Portions of this page are modifications based on work created and shared by the Solr Project (Apache Solr Reference Guide) and used according to terms described in the Apache 2.0 License.

Link back to the original article

The fundamental premise of FlexSearch is simple. You give it a lot of information, then later you can ask it questions and find the piece of information you want. The part where you feed in all the information is called indexing or updating. When you ask a question, it’s called a query.

One way to understand how FlexSearch works is to think of a loose-leaf book of recipes. Every time you add a recipe to the book, you update the index at the back. You list each ingredient and the page number of the recipe you just added. Suppose you add one hundred recipes. Using the index, you can very quickly find all the recipes that use garbanzo beans, or artichokes, or coffee, as an ingredient. Using the index is much faster than looking through each recipe one by one. Imagine a book of one thousand recipes, or one million.

FlexSearch allows you to build an index with many different fields, or types of entries. The example above shows how to build an index with just one field, ingredients. You could have other fields in the index for the recipe’s cooking style, like Asian, Cajun, or vegan, and you could have an index field for preparation times. FlexSearch can answer questions like “What Cajun-style recipes that have blood oranges as an ingredient can be prepared in fewer than 30 minutes?”

The schema is the place where you tell FlexSearch how it should build indexes from input documents.

How FlexSearch Sees the World?

FlexSearch’s basic unit of information is a document, which is a set of data that describes something. A recipe document would contain the ingredients, the instructions, the preparation time, the cooking time, the tools needed, and so on. A document about a person, for example, might contain the person’s name, biography, favorite color, and shoe size. A document about a book could contain the title, author, year of publication, number of pages, and so on.
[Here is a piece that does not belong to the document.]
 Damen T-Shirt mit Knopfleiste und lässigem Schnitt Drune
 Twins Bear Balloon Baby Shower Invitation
In the FlexSearch universe, documents are composed of fields, which are more specific pieces of information. Shoe size could be a field. First name and last name could be fields. Fields can contain different kinds of data. A name field, for example, is text (character data). A shoe size field might be a floating point number so that it could contain values like 6 and 9.5. Obviously, the definition of fields is flexible (you could define a shoe size field as a text field rather than a floating point number, for example), but if you define your fields correctly, FlexSearch will be able to interpret them correctly and your users will get better results when they perform a query. You can tell FlexSearch about the kind of data a field contains by specifying its field type. The field type tells FlexSearch how to interpret the field and how it can be queried. When you add a document, FlexSearch takes the information in the document’s fields and adds that information to an index. When you perform a query, FlexSearch can quickly consult the index and return the matching documents.

Field Analysis

Field analysis tells FlexSearch what to do with incoming data when building an index. A more accurate name for this process would be processing or even digestion, but the official name is analysis.
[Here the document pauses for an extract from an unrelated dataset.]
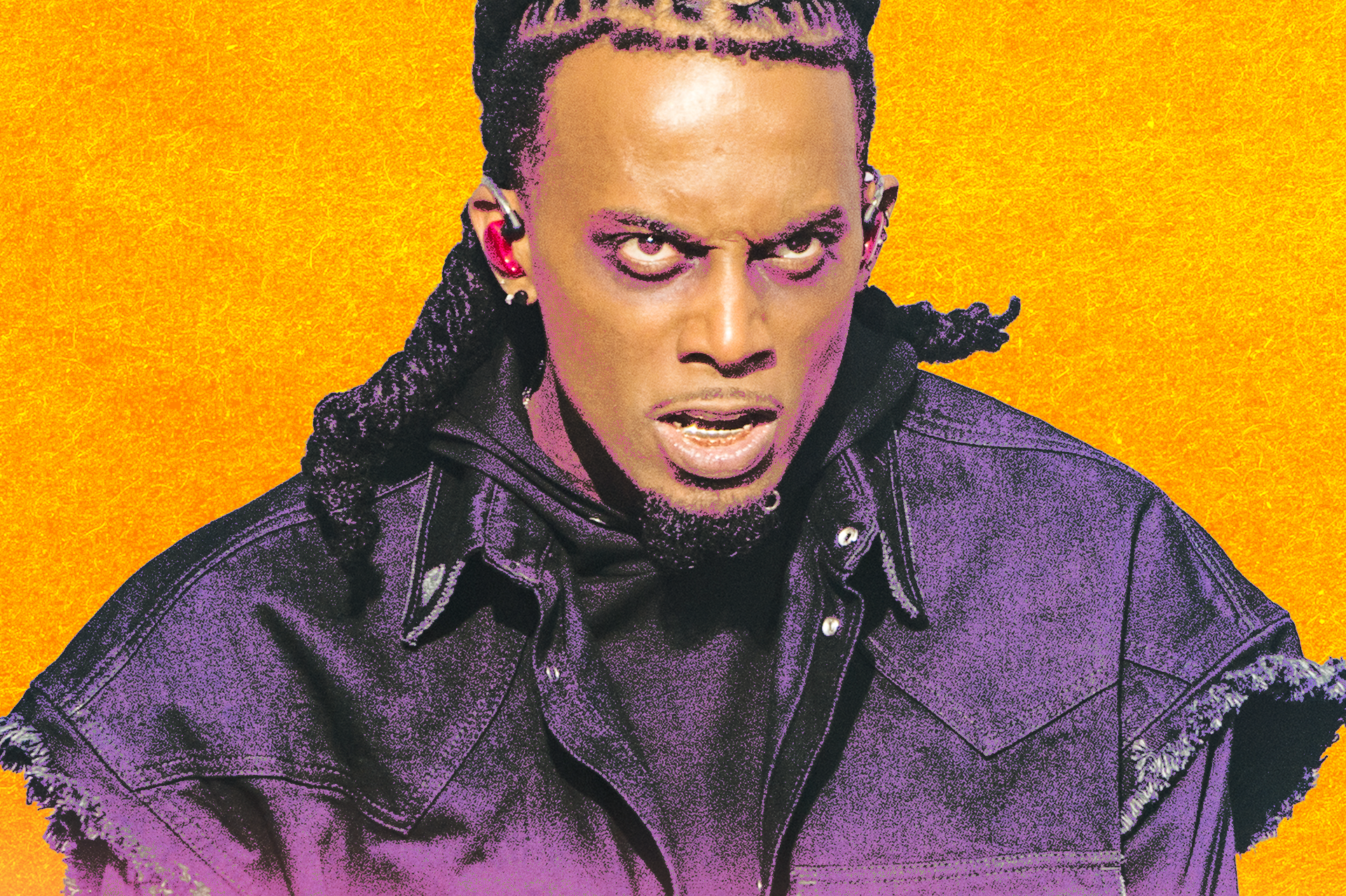 A person with braided hair and intense expression, wearing a dark jacket, against a bright orange background.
Consider, for example, a biography field in a person document. Every word of the biography must be indexed so that you can quickly find people whose lives have had anything to do with ketchup, or dragonflies, or cryptography. However, a biography will likely contains lots of words you don’t care about and don’t want clogging up your index—words like “the”, “a”, “to”, and so forth. Furthermore, suppose the biography contains the word “Ketchup”, capitalized at the beginning of a sentence. If a user makes a query for “ketchup”, you want FlexSearch to tell you about the person even though the biography contains the capitalized word.

The solution to both these problems is field analysis. For the biography field, you can tell FlexSearch how to break apart the biography into words. You can tell FlexSearch that you want to make all the words lower case, and you can tell FlexSearch to remove accents marks.
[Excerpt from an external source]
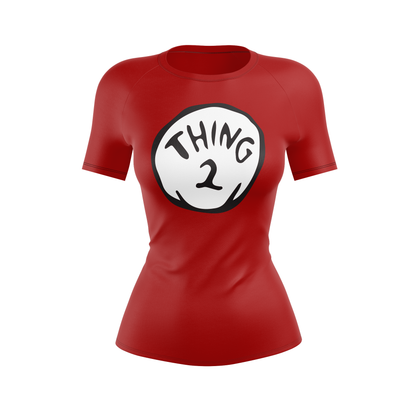 Thing 1 & Thing 2 Women's BJJ Rash Guard - Short Sleeve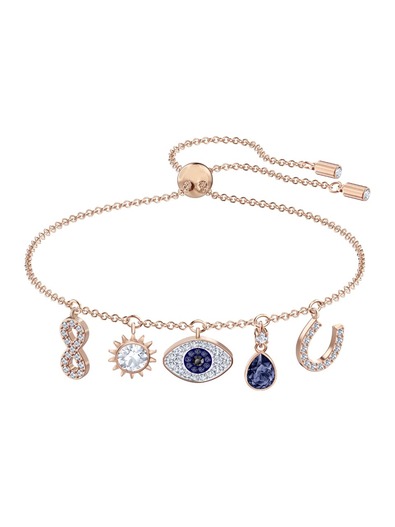  Lắc tay Swarovski charm Infinity Evil eye vàng hồng - Swarovski Symbolic bracelet Infinity, evil eye and horseshoe, Blue, Rose gold-tone plated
Field analysis is an important part of a field type. Understanding Analyzers, Tokenizers and Filters is a detailed description of field analysis.

FlexSearch’s Schema File

FlexSearch stores details about the field types and fields it is expected to understand in a schema file. The name of the file is index.json and location of this file under the conf/indices/{indexName} folder in the root of your FlexSearch directory. You can either modify this file directly in case you are feeling adventrous or rely on the REST webservices exposed by FlexSearch.

Every part of the schema file can be modified using the webservice.